There seems to be a lot of different algorithms for this, and we discussed a few in that class. The most famous one (doesn't necessarily mean the best, of course) is the Warshall algorithm, which is actually a special case of the Floyd algorithm, which is a special case of the Kleene algorithm, who was ignored by most if not all textbooks on the matter. Poor fellow.
If you represent a graph with a Boolean (true/false) doubly-indexed table (sp?) where the (X,Y) entry is true if you can go to Y straight from X and false otherwise, the algorithm is as simple as a triple for-ish loop:
for (int k=0;k < n;++k)
for (int i=0;i < n;++i)
for (int j=0;j < n;++j)
m[i][j] = m[i][j] || (m[i][k] && m[k][j]);
Anyhow, this takes a multiple of n^3 operations, which is not too shabby. Well, the discussion was on how to improve it.

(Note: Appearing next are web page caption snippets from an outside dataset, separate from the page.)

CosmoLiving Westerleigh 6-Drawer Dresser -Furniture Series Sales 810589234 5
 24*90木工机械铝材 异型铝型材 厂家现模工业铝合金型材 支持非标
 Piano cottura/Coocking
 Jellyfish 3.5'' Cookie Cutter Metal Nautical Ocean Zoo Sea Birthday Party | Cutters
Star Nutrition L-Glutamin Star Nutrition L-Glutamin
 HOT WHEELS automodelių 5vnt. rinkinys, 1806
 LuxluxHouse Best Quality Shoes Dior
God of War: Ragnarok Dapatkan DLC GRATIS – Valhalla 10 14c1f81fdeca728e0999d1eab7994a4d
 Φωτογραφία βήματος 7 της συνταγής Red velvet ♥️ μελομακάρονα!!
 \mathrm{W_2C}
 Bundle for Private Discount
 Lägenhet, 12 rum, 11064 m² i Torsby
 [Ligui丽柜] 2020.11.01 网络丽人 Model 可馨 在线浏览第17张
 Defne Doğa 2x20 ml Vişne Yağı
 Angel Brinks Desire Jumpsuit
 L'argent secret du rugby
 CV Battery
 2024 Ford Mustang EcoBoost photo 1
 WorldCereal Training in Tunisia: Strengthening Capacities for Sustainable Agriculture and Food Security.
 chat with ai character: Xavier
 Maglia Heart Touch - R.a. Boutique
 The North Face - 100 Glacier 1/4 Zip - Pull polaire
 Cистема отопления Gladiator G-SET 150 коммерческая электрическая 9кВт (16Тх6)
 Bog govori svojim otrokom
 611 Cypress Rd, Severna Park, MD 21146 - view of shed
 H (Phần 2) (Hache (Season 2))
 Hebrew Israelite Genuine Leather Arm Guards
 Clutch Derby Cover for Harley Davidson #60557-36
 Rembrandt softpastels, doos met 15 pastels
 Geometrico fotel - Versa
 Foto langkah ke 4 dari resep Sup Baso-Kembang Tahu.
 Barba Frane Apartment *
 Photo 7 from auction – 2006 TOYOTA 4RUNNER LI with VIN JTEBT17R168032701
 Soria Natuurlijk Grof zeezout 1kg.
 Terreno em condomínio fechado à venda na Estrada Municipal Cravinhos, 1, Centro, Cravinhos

We were discussing a different approach based on matrix exponentiation, which basically consisted on taking that matrix I talked about before, adding I (the unit matrix, y'know, the one with 1's on the diagonal) to it and then take it to the (n-1)th power.
Well, with yet another special algorithm (the quick exponentiation one), that took a multiple of n^3*log2(n), which sadly enough, it's worse than the previous algorithm.
Though, it can get better. There's an algorithm for matrix multiplication (geez xDD), the Strassen algorithm. Of course, it's only better when you get square nxn matrices where n>=120. It's not THAT uncommon in practice, especially if you do statistic calculations.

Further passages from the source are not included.